I appreciate the effort that the DALMOOC instructors have put into providing different options for learning to suit the varied preferred learning styles of the participants. It’s certainly an interesting course to be part of.

Using some “real” data for social network analysis

This week’s content in the Data, Analytics and Learning MOOC concentrated on some real-world case studies of how social network analysis (SNA) has been used in the study of learning. The studies which were discussed looked at the application of SNA in areas such as learning design, sense of community, creative potential, academic performance, social presence, and MOOCs. The activities we had to complete involved using Gephi and Tableau to analyse and interpret SNA for the study of learning. Seeing that I don’t have access to any data from a Learning Management System, I had to come up with another source of data that I could play with. I decided to use some Twitter data that’s related to a research project that I’m working on at the moment. I used the NodeXL template for Excel to collect the tweets which were sent during a recent conference, and then analysed the network in Gephi and Tableau. Although the data didn’t come from learners in a traditional setting, such as a Learning Management System, I think that a conference is a learning experience, so I think it’s an appropriate source to use for this exercise. This was the first time I’ve used NodeXL, and I found it very easy to use. For ethical and privacy reasons I’ve left the names of the nodes off in each of these visualisations.

This is what the network looks like in Gephi:

screenshot_214311In this representation of the network, each circle represents a Twitter user who retweeted or mentioned another Twitter user. This retweeting and mentioning is represented by the lines connecting the nodes. The darker the colour of the node, the more connections that it has to other nodes in the network i.e. the user sent more retweets and mentions. In SNA this is known as degree centrality. I imported the network data into Tableau to plot some of the measures against each other to try and see if they are any relationships between them. This graph shows the number of followers, the degree centrality, and betweenness centrality (a measure which indicates whether a node is acting as a bridge between distinct communities within the network) for each of the nodes:

Conference tweets 2From this, it looks like (without conducting any statistical analysis) that for this network there is no relationship between the number of followers on Twitter that a network member has, and their degree or betweenness centrality. I can see that combining these two analysis tools (Gephi and Tableau) can be very useful to gain all sorts of insights. I certainly think I’ll be using these tools in some upcoming work that I’ll be doing looking at Twitter networks.

What are learning analytics, and what can we learn from them?

Learning analytics (LA) are certainly becoming a hot topic within the education sector. There are conferences, societies and journals where new developments in the LA field are discussed and developed. But what are LA, and how can academic libraries use them to learn more about our users?
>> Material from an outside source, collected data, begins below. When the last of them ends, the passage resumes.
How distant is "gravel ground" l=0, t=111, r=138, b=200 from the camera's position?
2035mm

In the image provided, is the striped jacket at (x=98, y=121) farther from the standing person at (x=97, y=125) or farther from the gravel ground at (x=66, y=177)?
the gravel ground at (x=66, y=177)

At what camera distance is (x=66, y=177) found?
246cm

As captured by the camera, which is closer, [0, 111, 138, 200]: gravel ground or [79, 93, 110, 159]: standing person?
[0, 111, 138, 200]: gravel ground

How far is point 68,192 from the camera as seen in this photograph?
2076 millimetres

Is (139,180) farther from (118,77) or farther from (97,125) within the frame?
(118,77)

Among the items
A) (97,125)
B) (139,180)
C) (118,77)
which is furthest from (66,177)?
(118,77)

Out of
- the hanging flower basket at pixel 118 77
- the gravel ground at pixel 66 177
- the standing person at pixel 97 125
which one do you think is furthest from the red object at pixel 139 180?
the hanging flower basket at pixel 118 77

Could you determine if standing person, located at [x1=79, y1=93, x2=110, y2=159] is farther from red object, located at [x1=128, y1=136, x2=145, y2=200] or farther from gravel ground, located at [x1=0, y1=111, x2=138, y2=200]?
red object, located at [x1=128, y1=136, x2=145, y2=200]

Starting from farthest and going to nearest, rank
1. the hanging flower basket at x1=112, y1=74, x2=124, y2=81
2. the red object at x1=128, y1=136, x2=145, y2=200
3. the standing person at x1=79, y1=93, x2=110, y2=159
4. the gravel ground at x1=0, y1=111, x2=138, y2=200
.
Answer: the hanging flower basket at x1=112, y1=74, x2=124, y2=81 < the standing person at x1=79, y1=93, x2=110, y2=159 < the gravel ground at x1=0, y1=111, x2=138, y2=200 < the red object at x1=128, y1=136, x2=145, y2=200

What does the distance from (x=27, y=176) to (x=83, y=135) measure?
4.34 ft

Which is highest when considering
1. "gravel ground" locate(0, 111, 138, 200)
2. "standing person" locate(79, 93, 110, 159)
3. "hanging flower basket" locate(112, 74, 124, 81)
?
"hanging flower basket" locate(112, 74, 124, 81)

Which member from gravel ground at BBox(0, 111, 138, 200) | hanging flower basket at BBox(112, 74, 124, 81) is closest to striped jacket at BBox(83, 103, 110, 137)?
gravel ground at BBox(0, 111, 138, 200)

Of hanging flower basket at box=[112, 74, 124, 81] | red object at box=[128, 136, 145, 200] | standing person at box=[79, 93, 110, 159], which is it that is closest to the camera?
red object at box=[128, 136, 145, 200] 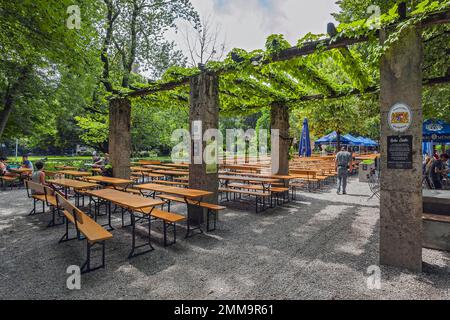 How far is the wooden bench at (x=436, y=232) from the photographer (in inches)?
174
The goal of LA is to use the data generated by the various systems on campus to improve the teaching and learning experience for students. It’s about bringing together the data from these disparate systems, e.g. the Learning Management System (LMS), the student administration system, to look for patterns and trends. Once these patterns and trends have been identified, they can be used to inform changes to teaching practices to assist students. Traditionally LA have been used by departments other than the library, as their systems can provide more information about a student’s progress and background. The LMS, for example, is a rich source of data on student behaviour during a semester. However, data from library systems can be combined with data from other systems on campus to make use of LA. For example, library staff at Curtin University combined the data from library systems and the campus student administration system to “explore if an association between library use and student retention is evident”. As they describe in their paper, they found that “[a]lthough student retention was associated with high levels of library use generally, it was the finding that use of electronic Library resources early in the semester appears to lead to an improved likelihood of remaining enrolled that is most useful.”

Another potential use of LA by academic libraries is to investigate whether embedding library content in the LMS can be linked to student performance. Increasingly librarians are collaborating with teaching staff to include library content directly in the LMS for individual units or subjects. It should be possible to examine the data produced by the LMS which shows how many times a link to library content is clicked on, and see if students who access library resources regularly achieve better results than those students who don’t use these resources.

I think there is great potential for libraries to use the data that our systems produce to try and learn more about our students, and try and improve their learning experience. It will not be an easy process, as there are institutional barriers which need to be overcome. I’ll discuss these in a future post.

Social Network Analysis with Gephi

The next software package that we were introduced to in the DALMOOC was Gephi, which is an open source tool for conducting social network analysis. I found Gephi an easier tool to use than Tableau, and it was fairly straightforward to load the sample data that was provided and start analysing it.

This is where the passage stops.